Bedensel belirtiler:
- Enerji azlığı: Yorgunluk, halsizlik, enerji azlığı çoğu hastada rastlanan belirtilerdir.
- İştah kaybı/ artışı: Çoğunlukla depresyonda iştah kaybına rastlanır. Ancak %10 hastada iştah artışı olur. Hasta yemeklerden zevk, tat almaz. Kabızlık, kilo değişikliklerine rastlanır.
- Cinsel isteksizlik: Hastalığın ilerleyen dönemlerinde cinsel istekte azalma, eşlerden uzaklaşma görülebilir. Aynı tablo tedavide kullanılan ilaçlardan da kaynaklanabilir.
- Adet düzensizliği: Kadınlarda adet dönemleri değişebilir. Adet süreleri, yoğunluğu farklılaşabilir.
- Uyku sorunları: Çoğunlukla uykusuzluk, az oranda uyku artışı, uyku bölünmelerine rastlanabilir.
- Ağrılar: Vücudun değişik yerlerinde açıklanamayan kas ağrıları, baş ağrısı görülebilir.
Davranışsal belirtiler:
- Psikomotor retardasyon: Fiziksel ve zihinsel faaliyetlerin neredeyse durma noktasına geldiği aksama, gerileme ve yavaşlık halidir. Gençlerde daha sık rastlanır. Toplumsal faaliyetlerden kaçınma da olabilir.
- Psikomotor ajitasyon: Davranışsal ve ruhsal heyecanlılık şeklinde beliren az ya da çok tutarsız aşırı davranış halidir. Kadınlarda ve yaşlı hastalarda daha sık rastlanır. İntihar eğilimini artırır.
Depresyon Tanısı
Depresyon tanısı hastanın iyi bir anamnezinin alınması ile konur. Muayene ve diğer tetkikler diğer hastalıkların ekarte edilmesi için gerekebilir.
Anamnezde anlamsız, nedeni açıklanamayan fiziksel şikâyetleri (karın ağrısı, baş ağrısı, baş dönmesi, çarpıntı vs), duygusal çöküntü belirtileri, uyku sorunları, iştahsızlık bulguları, şikâyetlerin başlangıcı, intihar düşünce veya eylemleri vs araştırılır.

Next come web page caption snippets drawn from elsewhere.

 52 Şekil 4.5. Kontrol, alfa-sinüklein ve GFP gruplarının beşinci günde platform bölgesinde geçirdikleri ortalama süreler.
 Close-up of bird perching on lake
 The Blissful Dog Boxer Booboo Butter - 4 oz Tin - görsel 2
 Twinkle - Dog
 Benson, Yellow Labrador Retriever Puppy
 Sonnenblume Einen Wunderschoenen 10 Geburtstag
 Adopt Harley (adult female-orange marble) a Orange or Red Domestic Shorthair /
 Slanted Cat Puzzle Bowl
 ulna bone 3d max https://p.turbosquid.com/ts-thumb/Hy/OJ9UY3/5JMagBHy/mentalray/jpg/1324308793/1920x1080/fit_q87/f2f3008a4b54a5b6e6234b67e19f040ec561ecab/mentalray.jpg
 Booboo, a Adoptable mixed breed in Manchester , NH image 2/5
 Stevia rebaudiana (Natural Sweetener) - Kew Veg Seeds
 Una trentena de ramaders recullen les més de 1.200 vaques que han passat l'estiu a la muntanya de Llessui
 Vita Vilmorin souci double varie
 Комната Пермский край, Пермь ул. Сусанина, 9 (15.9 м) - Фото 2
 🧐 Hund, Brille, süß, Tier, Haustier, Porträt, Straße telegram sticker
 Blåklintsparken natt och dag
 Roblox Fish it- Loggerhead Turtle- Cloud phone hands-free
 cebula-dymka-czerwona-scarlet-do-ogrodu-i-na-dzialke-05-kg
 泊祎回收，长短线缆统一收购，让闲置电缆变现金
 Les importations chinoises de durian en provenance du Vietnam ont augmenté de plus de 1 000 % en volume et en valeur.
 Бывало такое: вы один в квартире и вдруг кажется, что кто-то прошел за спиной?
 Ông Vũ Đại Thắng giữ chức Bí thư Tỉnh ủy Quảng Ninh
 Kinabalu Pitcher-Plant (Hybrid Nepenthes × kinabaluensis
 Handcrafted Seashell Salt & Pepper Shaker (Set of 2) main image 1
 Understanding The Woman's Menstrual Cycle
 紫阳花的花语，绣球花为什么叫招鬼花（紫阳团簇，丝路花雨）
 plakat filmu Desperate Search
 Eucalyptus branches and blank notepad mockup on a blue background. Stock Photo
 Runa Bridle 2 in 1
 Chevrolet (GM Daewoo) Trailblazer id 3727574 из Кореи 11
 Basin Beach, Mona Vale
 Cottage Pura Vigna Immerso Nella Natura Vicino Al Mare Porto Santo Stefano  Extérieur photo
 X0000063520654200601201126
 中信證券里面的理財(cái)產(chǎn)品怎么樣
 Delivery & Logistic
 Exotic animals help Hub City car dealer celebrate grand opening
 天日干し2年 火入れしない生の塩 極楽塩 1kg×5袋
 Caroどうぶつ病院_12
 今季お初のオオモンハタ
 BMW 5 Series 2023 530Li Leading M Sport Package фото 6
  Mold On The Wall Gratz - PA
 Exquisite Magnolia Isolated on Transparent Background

Major Depresif Bozukluk için tanı kriterleri şunlardır:
A. İki haftalık bir süre boyunca günlük işlevleri yapmada güçlük olması yanında ilk iki maddeden birisi olmak kaydıyla aşağıda belirtilen bulgu / belirtilerden en az beşinin olması;
- Kendisinin bildirdiği ya da başkasının gözlemlediği hemen her gün, yaklaşık gün boyu süren depresif duygu durum,
- Kendisinin bildirdiği ya da başkasının gözlemlediği hemen her gün, yaklaşık gün boyu süren, tüm etkinliklere karşı (ya da çoğuna) ilgide belirgin azalma ya da artık bunlardan eskisi gibi zevk alamaması,
- Kilo alımı ya da kilo kaybı, hemen her gün iştahının artmış ya da azalmış olması,
- Hemen her gün, insomnia (uykusuzluk) ya da hipersomnia (aşırı uyku) olması,
- Hemen her gün, psikomotor ajitasyon (davranışsal ve ruhsal heyecanlılık şeklinde beliren az ya da çok tutarsız aşırı davranış) ya da retardasyonun (fiziksel ve zihinsel faaliyetlerin neredeyse durma noktasına geldiği aksama, gerileme ve yavaşlık) olması,
- Hemen her gün, yorgunluk, bitkinlik ya da enerji kaybının olması,
- Hemen her gün, değersizlik, aşırı ya da uygun olmayan suçluluk duygularının olması,
- Hemen her gün, düşünme ya da düşüncelerini belirli bir konu üzerinde yoğunlaştırma yetisinin azalması ya da kararsızlık,
- Yineleyen ölüm düşünceleri, yineleyen özkıyım düşünceleri ve özkıyıma yönelik tasarılarının olması,
B– Bu belirtiler manik atak belirtileri (aşırı özgüven, çok konuşma, fikir uçuşmaları vs) ile birlikte olmaması,
C– Bu belirtilerin, klinik açıdan belirgin bir sıkıntıya ya da toplumsal, mesleki alanlarda ya da önemli diğer işlevsellik alanlarında bozulmaya neden olması,
D– Bu belirtilerin madde kullanımı ya da genel tıbbi bir durumun doğudan fizyolojik etkilerine bağlı olmaması,
E- Bu belirtilerin Yas durumuna (sevilen birinin ölümüne bağlı gelişen donukluk, tepkisizlik ya da üzüntü, ağlama vs) bağlı olmaması gerekir.